Day 61 Bull Creek (Paola) –Mile 651
Nov. 3, 1838


Traveling six hours the party came to Bull Creek where a settlement of Wea Indians was located (near present day Paola, Kansas). The journal reports the Indians anxious to be finished with the journey and to meet with the Pottawatomi Indians already resettled there by previous removals. The mileage was not reported today but might best be calculated at 15 miles based on the locations of the two campsites and their travel of aqbout seven hours.

The journey would end tomorrow so the officers attempted to take a census of the Indians to satisfy the military’s record-keeping penchant. Tomorrow they would be reunited with other Indians and sorting out the exact number in the migration would be more difficult. They made little progress. The journal puts it this way: “During the evening an attempt was made to enroll the Indians, but not very successfully.
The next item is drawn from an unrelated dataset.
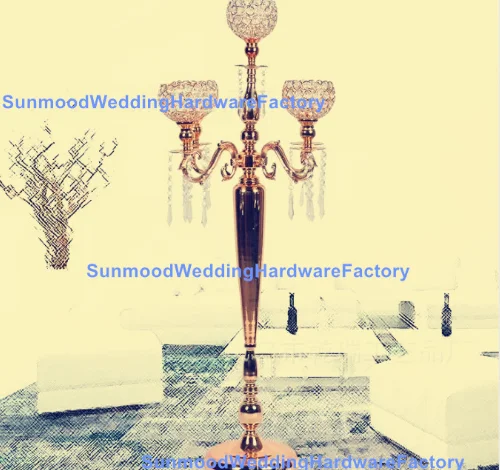 

gold metal tall candlestick Taper Decorative Centerpiece Metal Gold candelabra Candle Holder For Wedding senyu01146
They did not seem (or would not) to understand or appreciate the object.”

Tomorrow was Sunday and they had been promised no traveling on Sundays. The chiefs may have sensed Polke would try to travel on Sunday, or perhaps they caught wind of a discussion. Whichever, late on this Saturday evening several of the chiefs came to Polke requesting that the Sunday day-off promise be kept. Not only did they want to worship, they may have wanted to get cleaned up and prepared to meet their friends already at Potawatomi creek just eight or so miles ahead. Polke denied their request agreeing only to allow for a two-hour delay for their worship services.

AS FOR ME I returned from my week off with my wife anxious to finish the trail. Taking an redeye overnight flight and renting a car I drive to the trail where I left off and walked briskly south until past dark, down Rt. 169 an Interstate highway wannabe almost to Paola. Tuning to the car radio I heard of only a “slight” chance of rain so I left my tent in the car, chancing the final might on the trail would be clear.

The “slight chance” gave me about an inch of rain in a one-hour downpour. Luckily I was near an exit and slipped under the protection of a drive-through portico of a day care center for rich kids at the far edge of suburban Kansas City. Sleepy from the airplane night I fell asleep on the concrete entryway awaking an hour later to clear skies and bright sunshine. Refreshed, I walked another eight miles making the total for the day almost 20 miles. I was as anxious as the Indians to be finished. I slept on still-wet grass near a tree nursery under open skies without my tent, crossing my fingers that there would ne no more rain.